▶ [WHAT THE TASK REQUIRES]
Instruction for the entries below: return the part that opens with the line containing "chuyển sinh thành" and closes with the line containing "Fêtes Anne de Beaujeu (2)", exactly, and no pictures.

======== THE INPUT

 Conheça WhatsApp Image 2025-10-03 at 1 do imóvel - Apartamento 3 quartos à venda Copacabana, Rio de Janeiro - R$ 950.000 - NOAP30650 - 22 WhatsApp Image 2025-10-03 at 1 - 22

================
======== THE INPUT

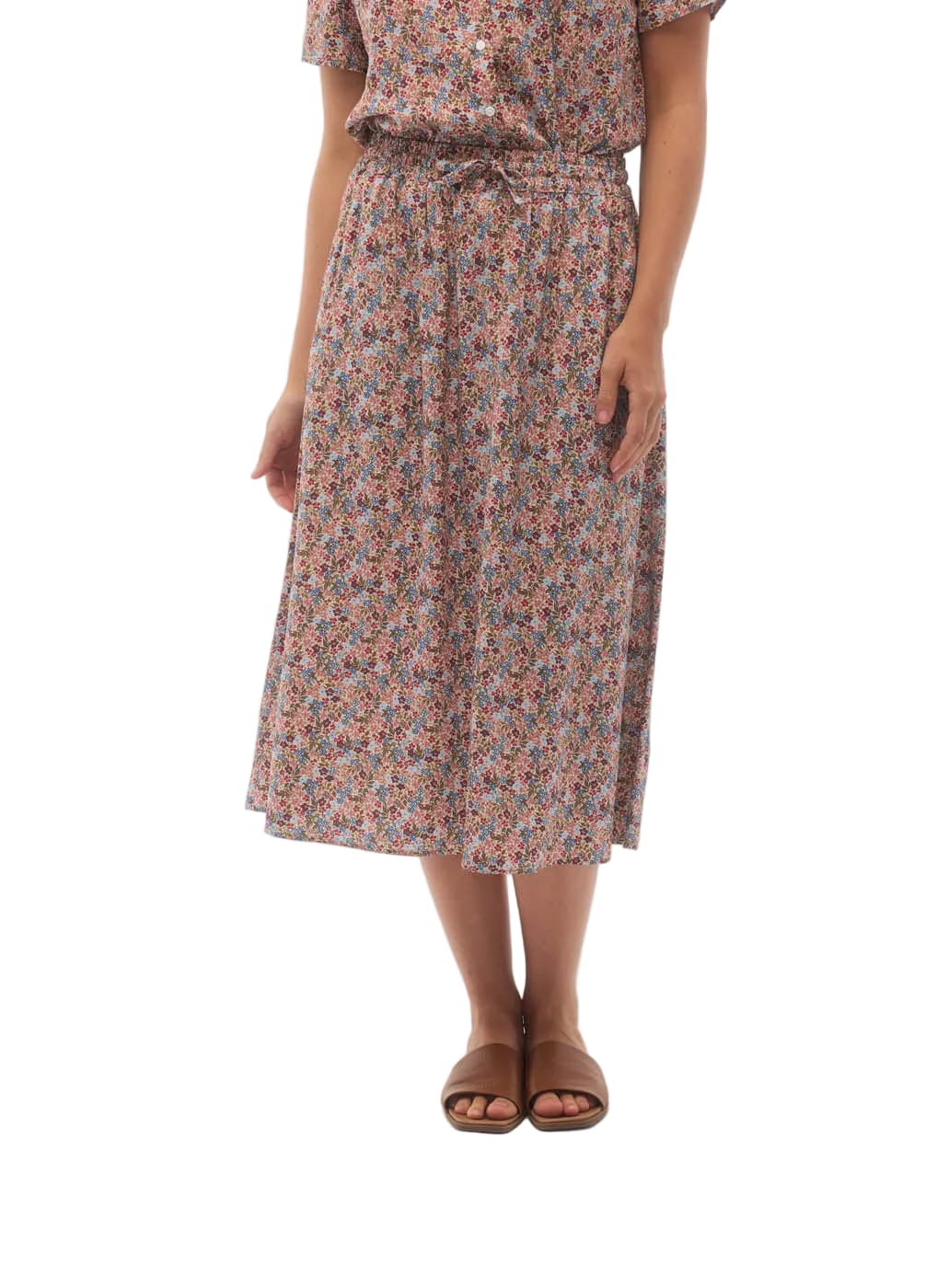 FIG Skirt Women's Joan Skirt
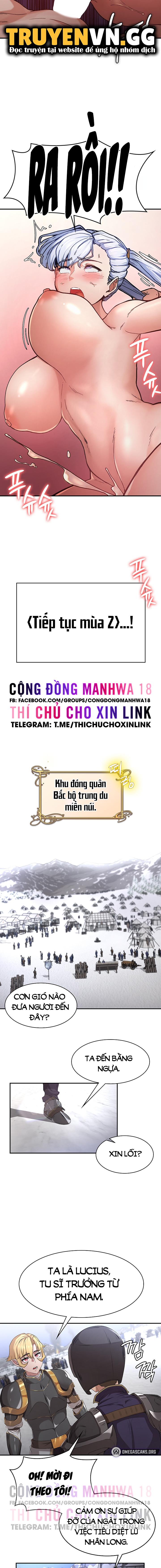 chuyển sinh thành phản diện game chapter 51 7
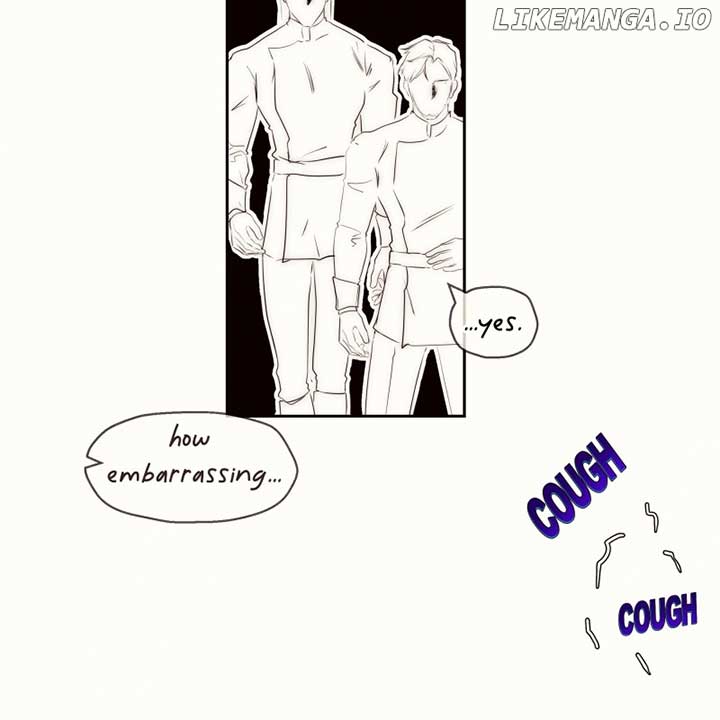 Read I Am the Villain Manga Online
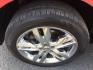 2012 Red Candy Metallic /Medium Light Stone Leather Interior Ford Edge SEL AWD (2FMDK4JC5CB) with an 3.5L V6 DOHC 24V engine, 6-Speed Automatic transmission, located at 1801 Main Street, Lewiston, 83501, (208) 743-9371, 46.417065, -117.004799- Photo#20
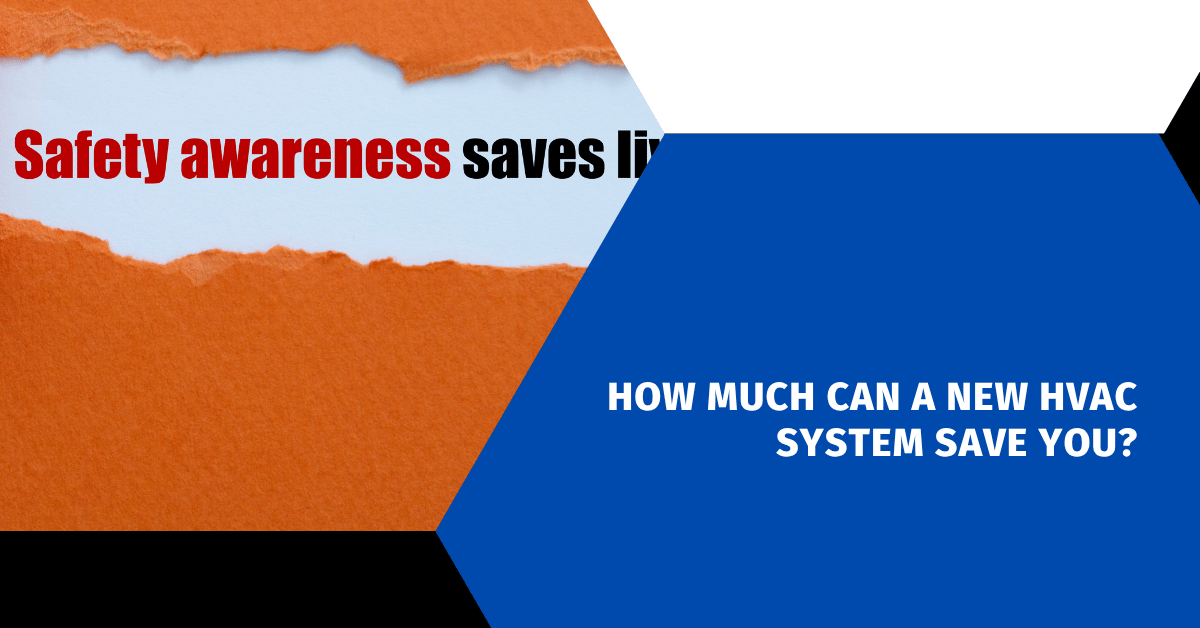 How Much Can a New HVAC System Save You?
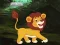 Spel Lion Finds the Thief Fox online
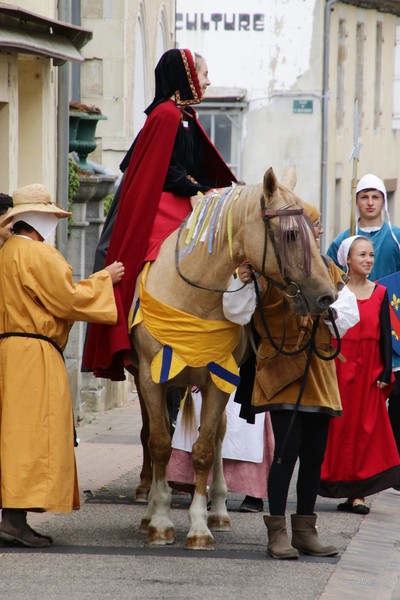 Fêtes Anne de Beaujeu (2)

================
======== THE INPUT

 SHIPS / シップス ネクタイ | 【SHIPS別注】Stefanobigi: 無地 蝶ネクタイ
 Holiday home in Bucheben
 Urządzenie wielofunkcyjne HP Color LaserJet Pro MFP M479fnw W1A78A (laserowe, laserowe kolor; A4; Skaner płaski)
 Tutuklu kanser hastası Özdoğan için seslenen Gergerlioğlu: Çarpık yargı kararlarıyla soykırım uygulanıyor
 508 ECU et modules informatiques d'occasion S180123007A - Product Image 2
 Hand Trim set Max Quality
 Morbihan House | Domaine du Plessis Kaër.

================

▶ [COMPLETED TASK]
 chuyển sinh thành phản diện game chapter 51 7
 Read I Am the Villain Manga Online
 2012 Red Candy Metallic /Medium Light Stone Leather Interior Ford Edge SEL AWD (2FMDK4JC5CB) with an 3.5L V6 DOHC 24V engine, 6-Speed Automatic transmission, located at 1801 Main Street, Lewiston, 83501, (208) 743-9371, 46.417065, -117.004799- Photo#20
 How Much Can a New HVAC System Save You?
 Spel Lion Finds the Thief Fox online
 Fêtes Anne de Beaujeu (2)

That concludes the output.